(DIRECTIONS) Print every line below exactly. Skip the pictures.

(DATA EXCERPT)
BEGIN
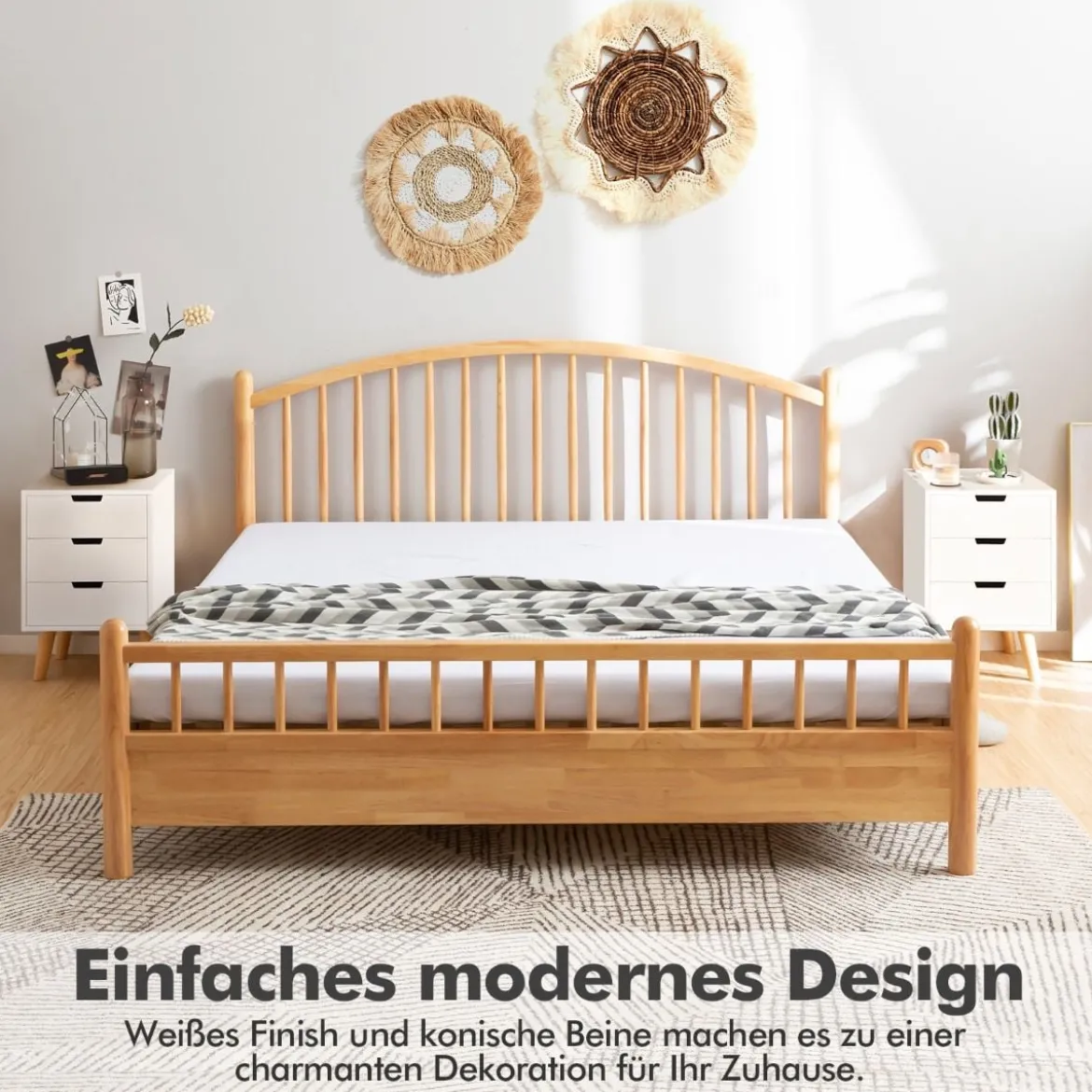 Nachttisch aus Massivem Holz mit 3 Schubladen Modern 40 x 40 x 60 cm Weiß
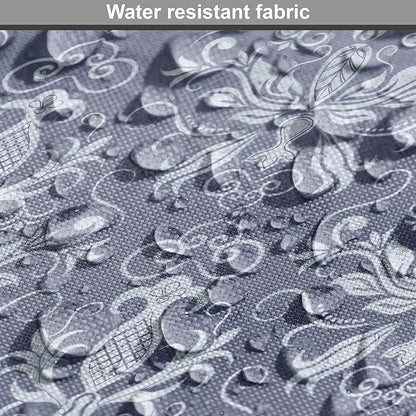 Lunarable Damask Dog Crate Cover, Medieval Repetitive Pattern with Flourish Ornaments, Easy to Use Pet Kennel Cover for Small Dogs Puppies Kittens, 22 Inch, Purpleblue Ceil Blue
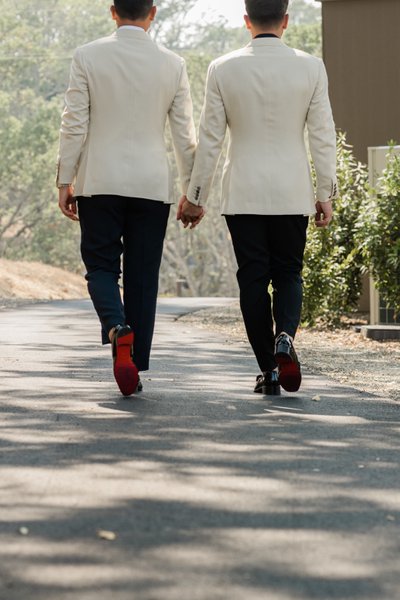 Grooms Walking Christian Louboutin Montage Healdsburg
END
(WRITTEN REPLY)
 Nachttisch aus Massivem Holz mit 3 Schubladen Modern 40 x 40 x 60 cm Weiß
 Lunarable Damask Dog Crate Cover, Medieval Repetitive Pattern with Flourish Ornaments, Easy to Use Pet Kennel Cover for Small Dogs Puppies Kittens, 22 Inch, Purpleblue Ceil Blue
 Grooms Walking Christian Louboutin Montage Healdsburg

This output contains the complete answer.